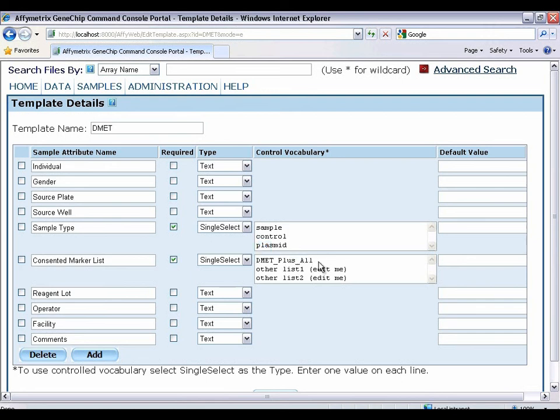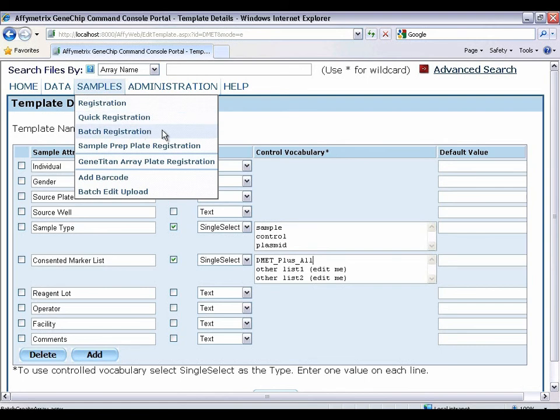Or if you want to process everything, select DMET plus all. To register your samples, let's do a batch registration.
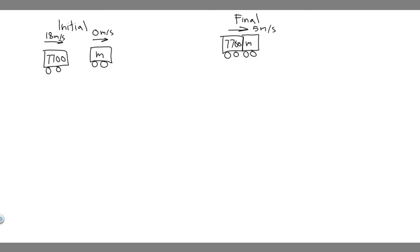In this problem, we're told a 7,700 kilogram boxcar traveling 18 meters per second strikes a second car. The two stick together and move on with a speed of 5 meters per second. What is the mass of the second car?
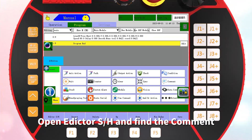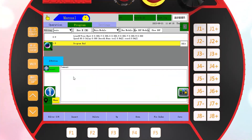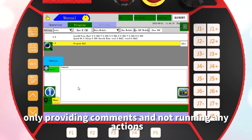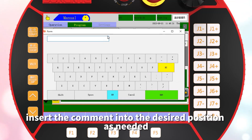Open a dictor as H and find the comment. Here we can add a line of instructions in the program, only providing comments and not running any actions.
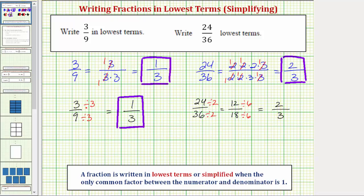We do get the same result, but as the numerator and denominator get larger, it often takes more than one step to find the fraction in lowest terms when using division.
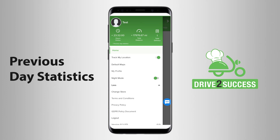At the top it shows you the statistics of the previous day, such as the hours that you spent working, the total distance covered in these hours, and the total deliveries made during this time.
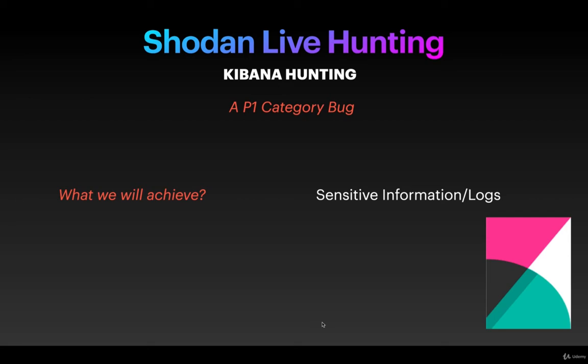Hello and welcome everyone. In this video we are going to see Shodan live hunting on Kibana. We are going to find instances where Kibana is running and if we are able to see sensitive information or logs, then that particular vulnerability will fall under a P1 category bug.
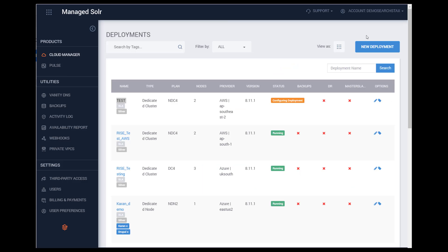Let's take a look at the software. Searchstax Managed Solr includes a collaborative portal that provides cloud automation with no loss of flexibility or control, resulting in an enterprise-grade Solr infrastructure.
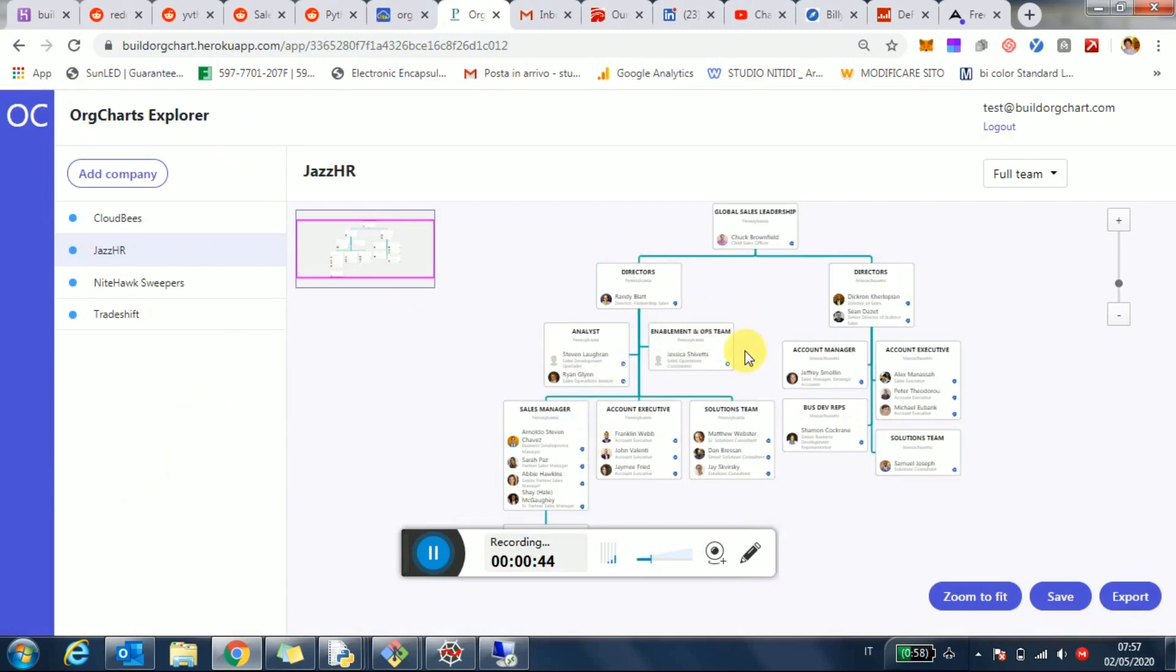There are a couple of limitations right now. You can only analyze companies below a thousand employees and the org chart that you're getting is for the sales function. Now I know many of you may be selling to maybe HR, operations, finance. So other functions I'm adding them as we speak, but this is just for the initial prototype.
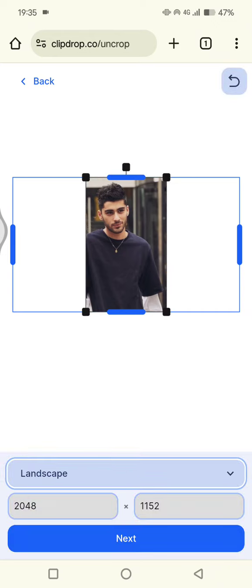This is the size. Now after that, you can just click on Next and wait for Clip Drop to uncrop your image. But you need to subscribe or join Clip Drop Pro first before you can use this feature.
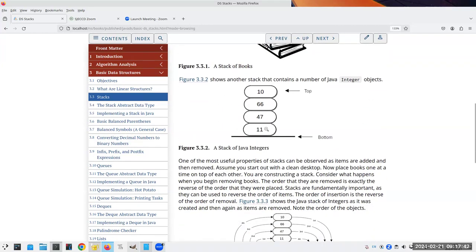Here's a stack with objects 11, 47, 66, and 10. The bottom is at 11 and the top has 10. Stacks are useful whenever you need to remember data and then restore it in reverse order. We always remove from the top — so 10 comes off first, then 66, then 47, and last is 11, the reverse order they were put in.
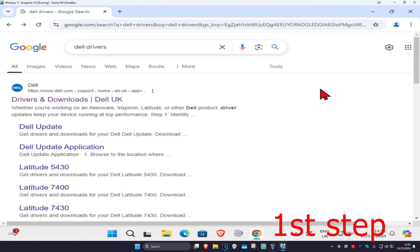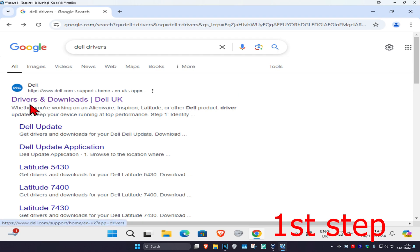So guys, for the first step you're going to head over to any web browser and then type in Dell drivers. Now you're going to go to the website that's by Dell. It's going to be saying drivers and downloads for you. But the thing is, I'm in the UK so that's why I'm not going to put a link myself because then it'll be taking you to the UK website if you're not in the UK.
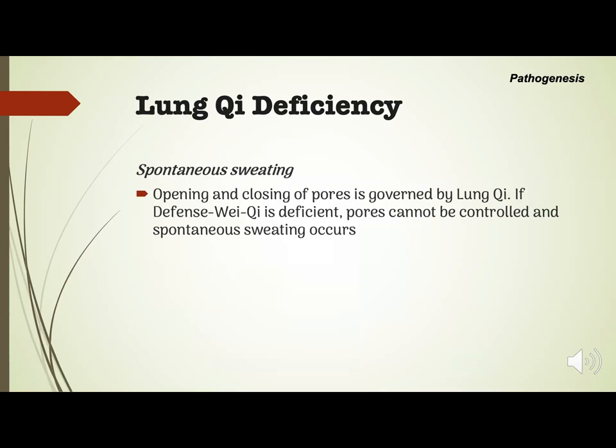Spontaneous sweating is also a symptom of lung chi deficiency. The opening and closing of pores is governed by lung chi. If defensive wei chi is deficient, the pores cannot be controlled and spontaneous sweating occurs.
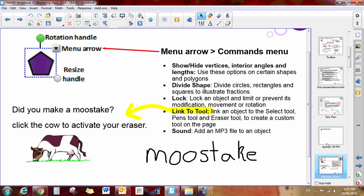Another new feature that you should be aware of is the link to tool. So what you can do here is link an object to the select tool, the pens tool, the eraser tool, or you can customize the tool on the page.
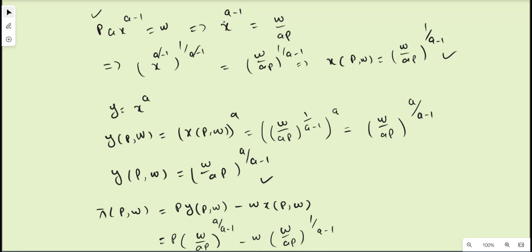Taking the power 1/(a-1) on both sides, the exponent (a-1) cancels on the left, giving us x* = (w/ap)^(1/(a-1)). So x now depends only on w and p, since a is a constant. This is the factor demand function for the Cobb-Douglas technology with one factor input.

_ _ _

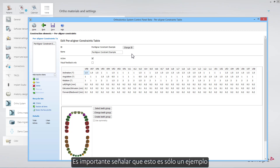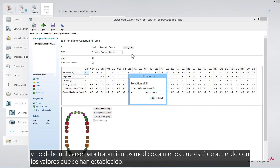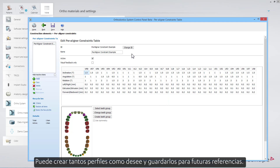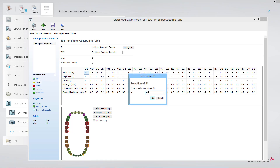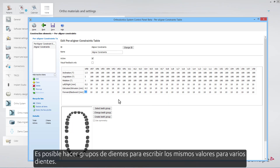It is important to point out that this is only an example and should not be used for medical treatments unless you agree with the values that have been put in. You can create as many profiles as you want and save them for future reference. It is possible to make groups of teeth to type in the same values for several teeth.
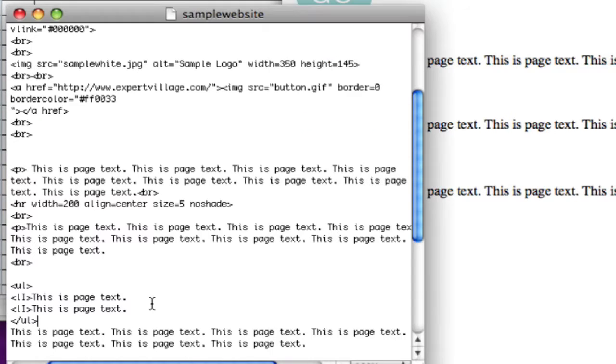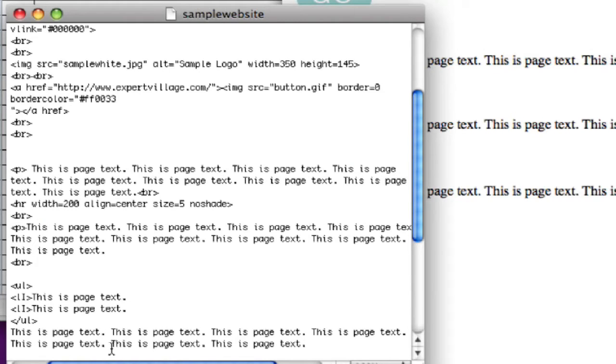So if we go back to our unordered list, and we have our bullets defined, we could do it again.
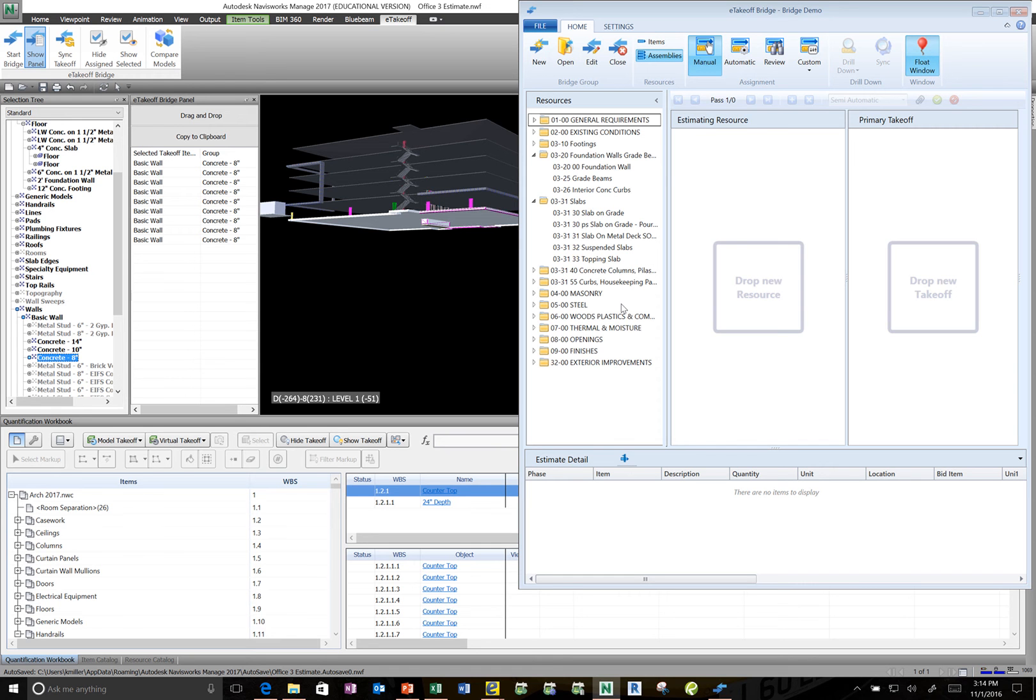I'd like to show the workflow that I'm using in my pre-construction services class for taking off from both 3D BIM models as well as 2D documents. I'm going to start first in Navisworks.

_ _ _

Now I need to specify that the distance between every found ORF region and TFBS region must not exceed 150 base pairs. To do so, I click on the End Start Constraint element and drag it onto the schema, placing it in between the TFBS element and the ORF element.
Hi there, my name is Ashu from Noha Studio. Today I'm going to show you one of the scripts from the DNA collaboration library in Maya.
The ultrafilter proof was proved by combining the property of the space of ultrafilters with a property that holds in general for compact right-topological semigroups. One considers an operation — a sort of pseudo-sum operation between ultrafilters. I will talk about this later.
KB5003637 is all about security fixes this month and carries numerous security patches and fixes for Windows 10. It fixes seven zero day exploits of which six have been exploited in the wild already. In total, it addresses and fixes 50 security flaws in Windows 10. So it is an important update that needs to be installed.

_ _ _

In the listing above, find the line with "There are a" and the line with "Another new feature". Output both, plus every line between them, and no pictures.

There are a couple of limitations right now. You can only analyze companies below a thousand employees and the org chart that you're getting is for the sales function. Now I know many of you may be selling to maybe HR, operations, finance. So other functions I'm adding them as we speak, but this is just for the initial prototype.
This is the size. Now after that, you can just click on Next and wait for Clip Drop to uncrop your image. But you need to subscribe or join Clip Drop Pro first before you can use this feature.
Here's a stack with objects 11, 47, 66, and 10. The bottom is at 11 and the top has 10. Stacks are useful whenever you need to remember data and then restore it in reverse order. We always remove from the top — so 10 comes off first, then 66, then 47, and last is 11, the reverse order they were put in.
So guys, for the first step you're going to head over to any web browser and then type in Dell drivers. Now you're going to go to the website that's by Dell. It's going to be saying drivers and downloads for you. But the thing is, I'm in the UK so that's why I'm not going to put a link myself because then it'll be taking you to the UK website if you're not in the UK.
Spontaneous sweating is also a symptom of lung chi deficiency. The opening and closing of pores is governed by lung chi. If defensive wei chi is deficient, the pores cannot be controlled and spontaneous sweating occurs.
Another new feature that you should be aware of is the link to tool. So what you can do here is link an object to the select tool, the pens tool, the eraser tool, or you can customize the tool on the page.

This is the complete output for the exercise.